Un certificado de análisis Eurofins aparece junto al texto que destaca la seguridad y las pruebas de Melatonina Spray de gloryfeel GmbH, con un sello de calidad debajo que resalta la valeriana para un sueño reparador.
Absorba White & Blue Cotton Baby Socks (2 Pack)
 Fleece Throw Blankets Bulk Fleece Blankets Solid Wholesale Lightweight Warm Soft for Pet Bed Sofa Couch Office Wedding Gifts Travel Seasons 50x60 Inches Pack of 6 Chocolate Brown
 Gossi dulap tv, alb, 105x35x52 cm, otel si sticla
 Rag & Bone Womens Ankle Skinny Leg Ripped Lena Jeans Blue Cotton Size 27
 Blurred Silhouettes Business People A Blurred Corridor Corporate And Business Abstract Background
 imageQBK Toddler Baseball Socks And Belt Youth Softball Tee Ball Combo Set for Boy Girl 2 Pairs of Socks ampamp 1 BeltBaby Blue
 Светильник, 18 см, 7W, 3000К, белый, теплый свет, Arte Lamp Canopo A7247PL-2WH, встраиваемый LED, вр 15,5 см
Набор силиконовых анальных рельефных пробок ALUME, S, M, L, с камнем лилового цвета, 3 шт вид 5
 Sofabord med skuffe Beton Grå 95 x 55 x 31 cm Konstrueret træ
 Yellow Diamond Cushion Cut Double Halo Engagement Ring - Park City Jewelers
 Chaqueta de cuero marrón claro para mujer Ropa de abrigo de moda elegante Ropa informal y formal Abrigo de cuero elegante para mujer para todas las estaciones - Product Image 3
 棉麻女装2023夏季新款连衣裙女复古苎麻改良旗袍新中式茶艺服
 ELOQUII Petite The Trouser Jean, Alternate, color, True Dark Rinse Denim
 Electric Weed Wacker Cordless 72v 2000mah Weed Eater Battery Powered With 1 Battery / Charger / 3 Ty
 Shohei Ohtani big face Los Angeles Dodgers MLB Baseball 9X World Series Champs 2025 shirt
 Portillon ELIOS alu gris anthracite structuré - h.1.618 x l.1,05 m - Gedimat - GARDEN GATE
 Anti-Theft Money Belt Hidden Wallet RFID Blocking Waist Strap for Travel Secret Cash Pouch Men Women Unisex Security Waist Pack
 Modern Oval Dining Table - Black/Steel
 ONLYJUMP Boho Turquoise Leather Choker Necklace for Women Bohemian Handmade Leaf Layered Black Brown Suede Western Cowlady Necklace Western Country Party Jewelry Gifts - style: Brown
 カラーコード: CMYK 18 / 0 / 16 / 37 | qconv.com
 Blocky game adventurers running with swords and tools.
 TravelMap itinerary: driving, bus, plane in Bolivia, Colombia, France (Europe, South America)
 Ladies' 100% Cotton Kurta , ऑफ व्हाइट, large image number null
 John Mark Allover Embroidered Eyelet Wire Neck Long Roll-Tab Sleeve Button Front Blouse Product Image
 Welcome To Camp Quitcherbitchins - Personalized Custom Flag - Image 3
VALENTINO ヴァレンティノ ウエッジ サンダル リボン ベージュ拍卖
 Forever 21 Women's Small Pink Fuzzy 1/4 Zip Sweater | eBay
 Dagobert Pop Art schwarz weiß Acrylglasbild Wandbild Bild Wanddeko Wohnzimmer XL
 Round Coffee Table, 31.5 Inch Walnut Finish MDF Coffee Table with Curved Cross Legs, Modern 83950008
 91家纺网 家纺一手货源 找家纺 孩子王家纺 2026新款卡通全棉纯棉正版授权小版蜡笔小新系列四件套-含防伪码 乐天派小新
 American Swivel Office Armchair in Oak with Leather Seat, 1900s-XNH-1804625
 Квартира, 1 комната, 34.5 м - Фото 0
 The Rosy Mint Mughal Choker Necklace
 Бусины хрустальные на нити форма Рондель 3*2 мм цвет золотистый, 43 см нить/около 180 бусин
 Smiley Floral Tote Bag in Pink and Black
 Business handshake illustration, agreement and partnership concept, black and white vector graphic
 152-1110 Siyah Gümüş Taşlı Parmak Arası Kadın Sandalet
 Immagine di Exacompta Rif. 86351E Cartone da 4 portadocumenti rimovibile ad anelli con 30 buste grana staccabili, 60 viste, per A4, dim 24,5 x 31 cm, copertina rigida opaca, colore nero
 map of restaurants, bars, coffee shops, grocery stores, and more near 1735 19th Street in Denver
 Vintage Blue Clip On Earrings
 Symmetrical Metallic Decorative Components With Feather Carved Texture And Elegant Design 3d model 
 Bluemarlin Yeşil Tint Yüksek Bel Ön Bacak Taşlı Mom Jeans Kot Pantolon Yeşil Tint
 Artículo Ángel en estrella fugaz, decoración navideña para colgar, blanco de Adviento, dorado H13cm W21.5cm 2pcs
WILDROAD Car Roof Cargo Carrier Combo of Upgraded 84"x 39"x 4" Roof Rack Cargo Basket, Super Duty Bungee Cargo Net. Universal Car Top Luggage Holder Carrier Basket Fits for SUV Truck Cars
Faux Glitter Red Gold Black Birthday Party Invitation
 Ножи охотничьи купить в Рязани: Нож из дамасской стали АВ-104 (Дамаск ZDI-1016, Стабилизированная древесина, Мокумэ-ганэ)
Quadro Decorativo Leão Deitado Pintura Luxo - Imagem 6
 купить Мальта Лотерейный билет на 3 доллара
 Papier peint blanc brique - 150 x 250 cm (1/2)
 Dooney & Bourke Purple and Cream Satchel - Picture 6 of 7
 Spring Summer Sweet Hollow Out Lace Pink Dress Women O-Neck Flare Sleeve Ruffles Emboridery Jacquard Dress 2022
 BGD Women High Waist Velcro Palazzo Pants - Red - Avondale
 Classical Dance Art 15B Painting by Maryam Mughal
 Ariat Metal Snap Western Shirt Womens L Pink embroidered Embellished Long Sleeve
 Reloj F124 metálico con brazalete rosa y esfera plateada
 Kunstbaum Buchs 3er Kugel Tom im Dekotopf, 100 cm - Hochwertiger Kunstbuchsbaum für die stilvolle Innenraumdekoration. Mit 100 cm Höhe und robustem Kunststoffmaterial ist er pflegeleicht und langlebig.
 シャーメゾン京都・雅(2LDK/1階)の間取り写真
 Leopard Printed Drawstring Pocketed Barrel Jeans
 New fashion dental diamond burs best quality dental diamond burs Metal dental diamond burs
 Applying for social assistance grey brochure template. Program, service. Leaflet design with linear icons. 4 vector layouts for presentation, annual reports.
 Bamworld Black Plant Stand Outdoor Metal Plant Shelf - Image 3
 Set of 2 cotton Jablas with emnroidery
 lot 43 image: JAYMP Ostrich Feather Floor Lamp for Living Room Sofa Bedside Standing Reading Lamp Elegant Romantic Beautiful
########
▶ _Problem description_:
Can you repeat, word for word, every line above from the one containing "Papier peint blanc" down to the one containing "Classical Dance Art", including both?

▶ _Solved exercise_:
 Papier peint blanc brique - 150 x 250 cm (1/2)
 Dooney & Bourke Purple and Cream Satchel - Picture 6 of 7
 Spring Summer Sweet Hollow Out Lace Pink Dress Women O-Neck Flare Sleeve Ruffles Emboridery Jacquard Dress 2022
 BGD Women High Waist Velcro Palazzo Pants - Red - Avondale
 Classical Dance Art 15B Painting by Maryam Mughal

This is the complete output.